Unitermos: Artemisinina. Heme. Voltametria. Redução catalítica. Eletrodo modificado. Malária

ABSTRACT

Malaria is the tropical disease most devastating of the world and this situation is worsened by the absence of effective treatment. However, the plasmodium resistance to artemisinin does not show clinical relevance. The drug mechanism of action is associated to the heme group, with free radical formation and endoperoxide moiety breakage. The voltammetric behavior of artemisinin was studied by cyclic and square-wave voltametries. This drug was irreversibly reduced on glassy carbon electrode and the peak potential values are pH independent, however the biggest value of current peak was observed at pH 6.0. The voltammetric behavior of artemisinin was significantly changed in the heme group presence, provoking an anticipation of about 600 mV on cathodic peak. By square-wave voltammetry it was observed that this new peak was sensitive to the hemin concentration, reaching a value around 10 times larger regarding the original cathodic peak of artemisinin, being the concentration of 20 mmol/L for the former and 50 mmol/L for the latter. In addition, results indicated that this electro-catalytic process depends on the Fe(II)-hemin formation on the electrode surface, indicating the possible electro-polymerization of hemin on the glassy carbon electrode. This adsorptive effect was evaluated from the superficial concentration (G) estimation of the hemin on the working electrode at pH 6.0. The modification of the glassy carbon electrode using hemin showed that the interaction between artemisinin and the heme group predominantly occurs on the electrode surface and not in solution. Therefore, clarifying artemisinin mechanism of action is important in order to contribute for the design and development of new antimalarial agents.

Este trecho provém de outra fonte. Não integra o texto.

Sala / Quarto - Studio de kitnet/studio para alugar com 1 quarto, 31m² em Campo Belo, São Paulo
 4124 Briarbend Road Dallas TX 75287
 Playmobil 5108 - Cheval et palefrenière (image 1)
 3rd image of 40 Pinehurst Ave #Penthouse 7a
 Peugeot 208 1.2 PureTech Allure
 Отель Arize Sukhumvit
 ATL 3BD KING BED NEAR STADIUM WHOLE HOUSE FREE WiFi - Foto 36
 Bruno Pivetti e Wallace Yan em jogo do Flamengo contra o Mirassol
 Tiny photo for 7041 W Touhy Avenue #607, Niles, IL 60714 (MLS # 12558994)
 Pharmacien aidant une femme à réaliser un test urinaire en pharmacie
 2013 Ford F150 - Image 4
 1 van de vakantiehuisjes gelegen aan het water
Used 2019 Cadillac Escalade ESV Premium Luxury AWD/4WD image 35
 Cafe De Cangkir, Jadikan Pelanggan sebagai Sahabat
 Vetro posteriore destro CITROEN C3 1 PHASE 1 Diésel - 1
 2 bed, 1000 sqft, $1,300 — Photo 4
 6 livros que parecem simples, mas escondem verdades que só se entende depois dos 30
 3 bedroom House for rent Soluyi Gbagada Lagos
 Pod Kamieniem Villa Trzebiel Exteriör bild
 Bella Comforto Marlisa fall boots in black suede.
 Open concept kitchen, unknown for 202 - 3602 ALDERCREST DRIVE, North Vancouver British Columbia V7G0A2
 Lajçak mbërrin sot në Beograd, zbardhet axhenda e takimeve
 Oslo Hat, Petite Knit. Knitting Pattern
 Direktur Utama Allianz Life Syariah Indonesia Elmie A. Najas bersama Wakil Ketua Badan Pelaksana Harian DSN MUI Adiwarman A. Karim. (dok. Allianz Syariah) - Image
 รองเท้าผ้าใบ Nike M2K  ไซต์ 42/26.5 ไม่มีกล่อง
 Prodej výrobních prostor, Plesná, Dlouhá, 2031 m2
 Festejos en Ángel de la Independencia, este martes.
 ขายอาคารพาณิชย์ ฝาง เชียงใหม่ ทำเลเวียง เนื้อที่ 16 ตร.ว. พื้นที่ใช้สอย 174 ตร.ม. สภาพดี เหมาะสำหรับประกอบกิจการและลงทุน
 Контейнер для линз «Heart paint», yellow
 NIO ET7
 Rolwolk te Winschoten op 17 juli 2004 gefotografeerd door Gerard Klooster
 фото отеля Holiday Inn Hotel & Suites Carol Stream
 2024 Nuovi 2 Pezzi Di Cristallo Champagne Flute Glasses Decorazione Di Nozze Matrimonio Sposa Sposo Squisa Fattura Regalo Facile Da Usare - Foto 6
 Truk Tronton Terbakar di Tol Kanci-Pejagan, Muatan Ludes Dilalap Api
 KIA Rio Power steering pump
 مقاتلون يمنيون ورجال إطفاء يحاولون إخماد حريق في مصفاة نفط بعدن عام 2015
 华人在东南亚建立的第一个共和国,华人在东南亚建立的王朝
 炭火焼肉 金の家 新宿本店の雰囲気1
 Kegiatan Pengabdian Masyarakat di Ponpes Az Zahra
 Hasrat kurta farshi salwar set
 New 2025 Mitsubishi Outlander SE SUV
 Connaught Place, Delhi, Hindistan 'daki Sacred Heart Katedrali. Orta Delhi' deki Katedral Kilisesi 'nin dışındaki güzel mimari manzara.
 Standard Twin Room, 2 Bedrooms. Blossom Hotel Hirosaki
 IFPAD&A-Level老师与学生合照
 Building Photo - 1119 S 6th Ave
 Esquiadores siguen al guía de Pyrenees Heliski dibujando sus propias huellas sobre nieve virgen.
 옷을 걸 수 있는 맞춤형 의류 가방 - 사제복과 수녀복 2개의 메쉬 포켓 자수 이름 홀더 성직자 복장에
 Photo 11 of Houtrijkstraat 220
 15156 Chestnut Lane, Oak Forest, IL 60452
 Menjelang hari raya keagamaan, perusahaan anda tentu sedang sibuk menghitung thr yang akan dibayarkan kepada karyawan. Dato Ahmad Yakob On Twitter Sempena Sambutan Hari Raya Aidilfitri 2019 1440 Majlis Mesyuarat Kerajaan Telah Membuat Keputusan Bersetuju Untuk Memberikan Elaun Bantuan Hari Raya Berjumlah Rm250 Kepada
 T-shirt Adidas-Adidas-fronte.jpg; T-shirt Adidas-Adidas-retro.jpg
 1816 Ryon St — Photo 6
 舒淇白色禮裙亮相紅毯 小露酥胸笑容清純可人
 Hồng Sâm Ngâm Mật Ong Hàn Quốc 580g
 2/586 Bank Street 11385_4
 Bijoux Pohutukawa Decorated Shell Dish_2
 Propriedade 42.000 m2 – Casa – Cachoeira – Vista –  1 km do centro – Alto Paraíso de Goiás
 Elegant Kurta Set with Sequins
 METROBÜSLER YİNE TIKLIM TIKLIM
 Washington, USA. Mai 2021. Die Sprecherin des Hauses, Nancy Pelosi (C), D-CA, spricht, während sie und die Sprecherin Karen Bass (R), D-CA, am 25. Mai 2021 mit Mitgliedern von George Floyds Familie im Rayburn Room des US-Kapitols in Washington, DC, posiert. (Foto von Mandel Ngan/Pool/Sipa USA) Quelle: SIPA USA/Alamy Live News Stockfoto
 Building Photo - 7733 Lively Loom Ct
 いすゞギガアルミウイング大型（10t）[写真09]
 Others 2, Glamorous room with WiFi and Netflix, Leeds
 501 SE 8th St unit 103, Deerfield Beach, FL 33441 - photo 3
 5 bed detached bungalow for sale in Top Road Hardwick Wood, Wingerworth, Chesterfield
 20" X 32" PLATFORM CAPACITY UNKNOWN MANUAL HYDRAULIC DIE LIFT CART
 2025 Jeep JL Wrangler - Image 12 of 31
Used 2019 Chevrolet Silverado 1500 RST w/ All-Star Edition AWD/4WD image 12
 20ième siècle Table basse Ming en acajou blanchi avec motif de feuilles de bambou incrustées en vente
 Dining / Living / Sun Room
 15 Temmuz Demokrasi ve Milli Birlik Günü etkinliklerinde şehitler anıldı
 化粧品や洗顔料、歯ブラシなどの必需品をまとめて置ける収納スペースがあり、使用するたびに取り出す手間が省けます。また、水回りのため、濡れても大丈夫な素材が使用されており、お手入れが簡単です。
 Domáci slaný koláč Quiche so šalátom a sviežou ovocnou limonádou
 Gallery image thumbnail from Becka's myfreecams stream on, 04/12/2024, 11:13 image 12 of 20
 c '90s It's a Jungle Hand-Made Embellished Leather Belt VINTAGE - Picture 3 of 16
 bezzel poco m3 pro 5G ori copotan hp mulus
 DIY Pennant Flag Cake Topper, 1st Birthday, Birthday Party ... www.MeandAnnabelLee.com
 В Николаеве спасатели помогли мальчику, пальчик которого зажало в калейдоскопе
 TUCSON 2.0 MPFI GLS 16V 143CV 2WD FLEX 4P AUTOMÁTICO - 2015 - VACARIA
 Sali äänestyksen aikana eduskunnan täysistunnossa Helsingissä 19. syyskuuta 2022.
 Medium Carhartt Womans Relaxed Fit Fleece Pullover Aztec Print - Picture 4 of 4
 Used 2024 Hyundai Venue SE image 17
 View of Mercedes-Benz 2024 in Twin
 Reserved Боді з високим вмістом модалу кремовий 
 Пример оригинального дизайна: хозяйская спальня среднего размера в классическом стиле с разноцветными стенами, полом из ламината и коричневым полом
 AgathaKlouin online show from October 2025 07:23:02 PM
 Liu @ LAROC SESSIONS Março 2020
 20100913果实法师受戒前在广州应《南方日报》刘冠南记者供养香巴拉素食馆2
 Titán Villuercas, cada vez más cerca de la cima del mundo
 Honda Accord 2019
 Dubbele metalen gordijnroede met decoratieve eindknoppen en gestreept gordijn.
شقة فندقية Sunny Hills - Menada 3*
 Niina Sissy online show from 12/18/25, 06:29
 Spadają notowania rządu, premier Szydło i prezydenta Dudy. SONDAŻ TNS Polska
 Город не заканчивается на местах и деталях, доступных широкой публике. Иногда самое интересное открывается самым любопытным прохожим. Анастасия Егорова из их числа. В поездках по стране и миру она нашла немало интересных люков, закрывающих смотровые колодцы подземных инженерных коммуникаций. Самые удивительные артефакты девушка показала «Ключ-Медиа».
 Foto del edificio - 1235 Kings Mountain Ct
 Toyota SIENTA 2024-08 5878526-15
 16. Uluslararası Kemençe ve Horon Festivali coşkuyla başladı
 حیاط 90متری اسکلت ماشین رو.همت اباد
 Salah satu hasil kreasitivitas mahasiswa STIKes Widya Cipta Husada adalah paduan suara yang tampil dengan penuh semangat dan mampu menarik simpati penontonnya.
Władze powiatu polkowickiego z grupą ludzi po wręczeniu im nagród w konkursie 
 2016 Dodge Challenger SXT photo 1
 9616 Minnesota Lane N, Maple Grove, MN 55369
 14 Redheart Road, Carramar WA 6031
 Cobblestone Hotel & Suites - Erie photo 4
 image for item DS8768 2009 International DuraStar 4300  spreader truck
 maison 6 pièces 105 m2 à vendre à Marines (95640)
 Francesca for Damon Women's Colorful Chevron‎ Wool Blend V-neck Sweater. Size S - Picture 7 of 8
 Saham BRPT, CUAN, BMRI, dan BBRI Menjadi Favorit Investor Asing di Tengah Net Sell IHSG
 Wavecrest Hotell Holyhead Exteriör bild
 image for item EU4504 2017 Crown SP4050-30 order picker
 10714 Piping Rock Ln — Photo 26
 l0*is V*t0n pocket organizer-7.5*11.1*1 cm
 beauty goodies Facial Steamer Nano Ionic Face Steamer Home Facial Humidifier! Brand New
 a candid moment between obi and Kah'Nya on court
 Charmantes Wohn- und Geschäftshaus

Uniterms: Artemisinin. Heme. Voltammetry. Catalytic reduction. Modified electrode. Malaria.

INTRODUÇÃO

A malária é a endemia tropical mais devastadora no mundo, com 300 a 500 milhões de casos clínicos e quase três milhões de óbitos a cada ano, sendo a maioria destas mortes causada por infecção pelo Plamodium falciparum, a mais nociva espécie de parasitas da malária (WHO, 2005). Lamentavelmente, esse quadro é agravado pela ausência de tratamento eficaz e pela existência de cepas de P. falciparum resistentes a fármacos, principalmente, à cloroquina (Ferreira, 2002; Burgess et al., 2006). Entre os quimioterápicos disponíveis para o tratamento e quimioprofilaxia da malária, a artemisinina merece destaque por ser o antimalárico cuja resistência dos plasmódios não possui relevância clínica (Meshnick et al., 1996; Dhigra et al., 2000; Olliaro, 2001). Entretanto, pesquisa recente sugere que o uso descontrolado do fármaco, e de seus derivados, pode criar condições favoráveis para o surgimento de resistência (Jambou et al., 2005). Não obstante, o Brasil já detém a tecnologia necessária para a produção de artemisinina em escala industrial (Garcia et al., 2000; Ereno, 2006) e, recentemente, modificações moleculares do fármaco foram efetuadas com o intuito de aumentar sua biosdisponibilidade com conseqüente melhora de sua eficácia terapêutica (Silva, 2006).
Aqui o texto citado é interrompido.